5. Specific Contextual Studies A number of contextual studies are to be undertaken in 2013 that will provide important information into the interpretation of soil carbon measurement through the life of the project.

Soil-landform analysis

A desktop analysis of soil and landform will provide general physical context of the trial paddocks as well as contribute to the testing of these paddocks as explicit survey strata. This work is being undertaken by Sunraysia Environmental and is due to be completed in the 1st Qtr of 2013.

Land-use history

For each trial paddock landuse history will be documented. This will be especially focussed on the last 20-30 years of activity because this period is expected to be a key determinant on soil carbon levels. This information will assist in the understanding of the baseline soil carbon base levels undertaken in October 2012. This task is being undertaken by Kilter Rural with an initial version to be released in the 2nd Qtr of 2013. It is anticipated that this document will be refined over time as more knowledge incidentally comes to light.

Biomass production and vegetation health

Accrual of soil carbon is influenced by biomass production in the landscape. There is the opportunity in this project as part of its sustainable cell grazing operation to understand biomass production through a knowledge of stocking patterns and carrying capacity. The project will track stocking patterns (numbers of sheep over numbers of days in paddock), that while not necessarily highly correlated with biomass and groundcover, does nevertheless provide an indicator of production in a well managed grazing operation. This information will be augmented by the anecdotal observations of the project grazier on trial paddock performance.

During the project more sophisticated measures of groundcover and vegetation health will be established. For instance the project will have access to existing work being undertaken by Kilter Rural including a series of periodically monitored 30m vegetation health transects across the FFL landscape. Several of these are located on or nearby trial paddocks.

In addition Kilter Rural will work on implementing a rapid reconnaissance method of vegetation health that is applied to each trial paddock on a periodical (nominally annual) basis from Year 2. The design of such will consider elements of the Landscape Functional Analysis (LFA) approach of CSIRO (http://www.csiro.au/Organisation-Structure/Divisions/Ecosystem-Sciences/EcosystemFunctionAnalysis.aspx#a1)

Kilter Rural will produce a methods report on the above to be finalised in the 3rd Qtr of 2013, with initial actions to be implemented not later than the 4th Qtr 2013.


Grazing emissions

An important element of the project is to understand grazing traffic across the trial paddocks. This is not just to develop an understanding of sustainable grazing thresholds, but also to assess the carbon impacts of restocking (ie. methane emissions from ruminants) on net carbon sequestration. This information is important in the case that CFI carbon credits are to be generated from the type of land use change being examined by this project. The project grazier will provide trial paddock stocking records that will underpin this analysis through the life of the project.

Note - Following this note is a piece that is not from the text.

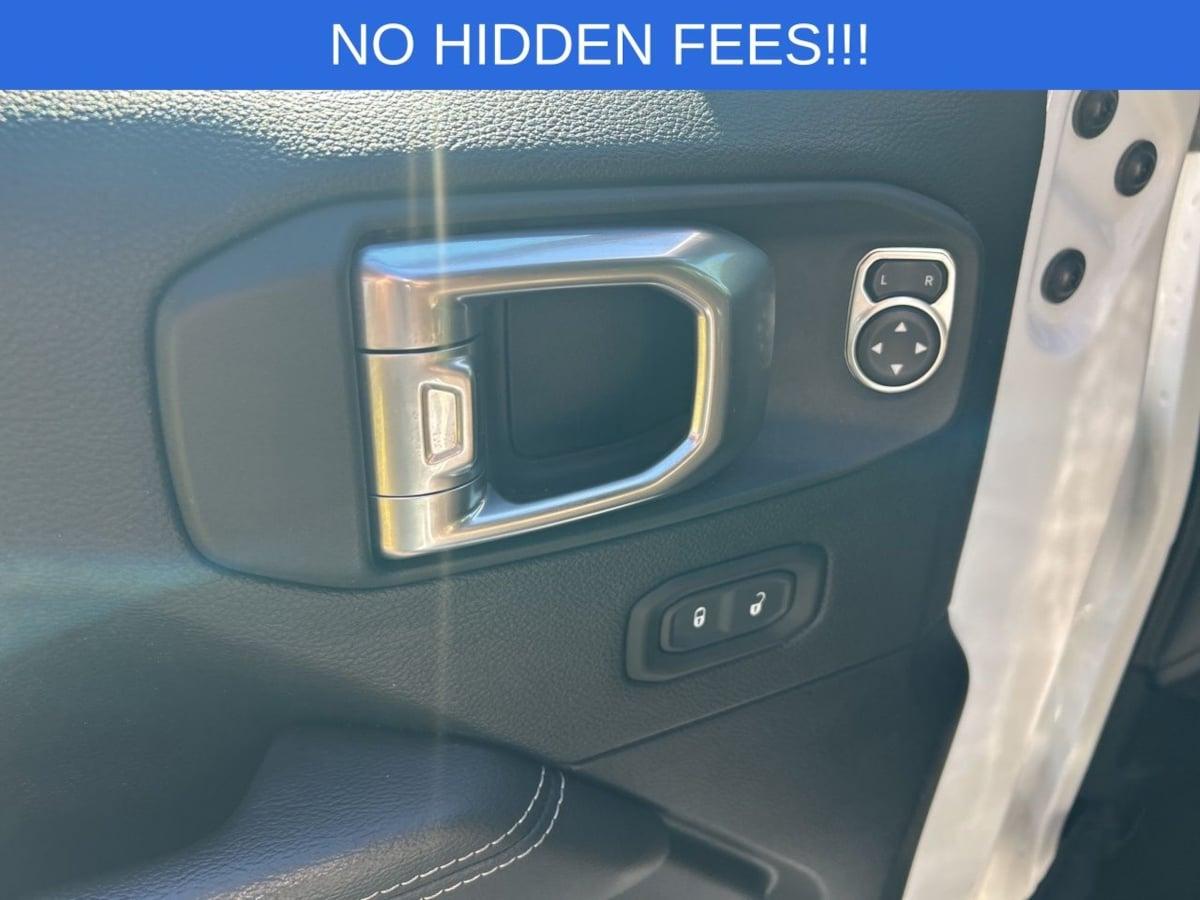 Jeep Wrangler Unlimited Sahara - Thumbnail 19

6. Monitoring and Data Collection Activities

Table 6.1: Summary of project monitoring and data collection activities

Practice to be trialled The are four key landuse change scenarios that are the basis of this project, including: • Flood irrigation to ‘passively restored’ cell grazing (paddock recovered through rest, PPA control) • Flood irrigation to ‘actively restored’ grazing (ie. direct seeding activity took place 2+ yrs ago) • Flood irrigation to ‘passively restored’ protected biodiversity (has recovered through rest, stock

exclusion) • Flood irrigation to ‘actively restored’ protected biodiversity (ie. direct seeding activity took place 2+ yrs

ago)

Data to be collected For replicates in each landuse change scenario (up to 3 replicates depending upon the scenario) the following data is collected:

• Soil cores, analysed for Organic Soil Carbon in at least two full sampling events (in 1st and 3rd year of project)

• Additional Cores for Bulk Density determination collected during initial (baseline) sampling event.

• Bulked soil cores for basic soil analytes including: texture, pH, EC, nitrate, avail.P, std. metals in the baseline sampling event. These samples bulked to each replicate.

• Twice-annual photopoints to capture visual vegetation change in each trial paddock

• Periodical (nominally annual) rapid reconnaissance vegetation health assessment (informed by LFA) for all trial paddocks from Yr2

• Detailed vegetation health assessment along select 30m monitoring transects for species diversity and plant density (annual monitoring already undertaken by Kilter)

• Local climate data (monthly rainfall)

For grazing treatments only the additional data is collected:

• Log of stocking patterns (when and where of stock movement) and observation of stock/vegetation response in each trial paddock. Information collected by grazier


Sample collection technique (Soil) The most significant data collected by this project is organic soil carbon and associated physical and basic chemical analytes. Cores for analysis are extracted in the following manner:

Soil cores will be collected using a corer unit trailer mounted and towed by a 4WD. An on-board motor drives a hydraulic pump that pushes or gently vibrates the corer into the soil profile. For sample collection a plastic tube is placed inside a barrel, upon extraction the plastic tube is removed; the core is logged and divided into depth intervals (0-10 and 10-30cm).Samples are secured and temporarily stored in an insulated esky before being transported to APAL laboratories in Adelaide for analysis.

Sampling timing (Soil) • Spring 2012 (Baseline) – full survey of 9 trial paddocks. With additional chemical analytes and Bulk

Density. Also one-off sampling of 2 reference sites.

• Mid-project (Spring 2013 or Autumn 2014) partial resurvey. Potentially a resurvey of 1 replicate per treatment to test seasonal variation in soil carbon stocks. Design to be informed by Baseline survey.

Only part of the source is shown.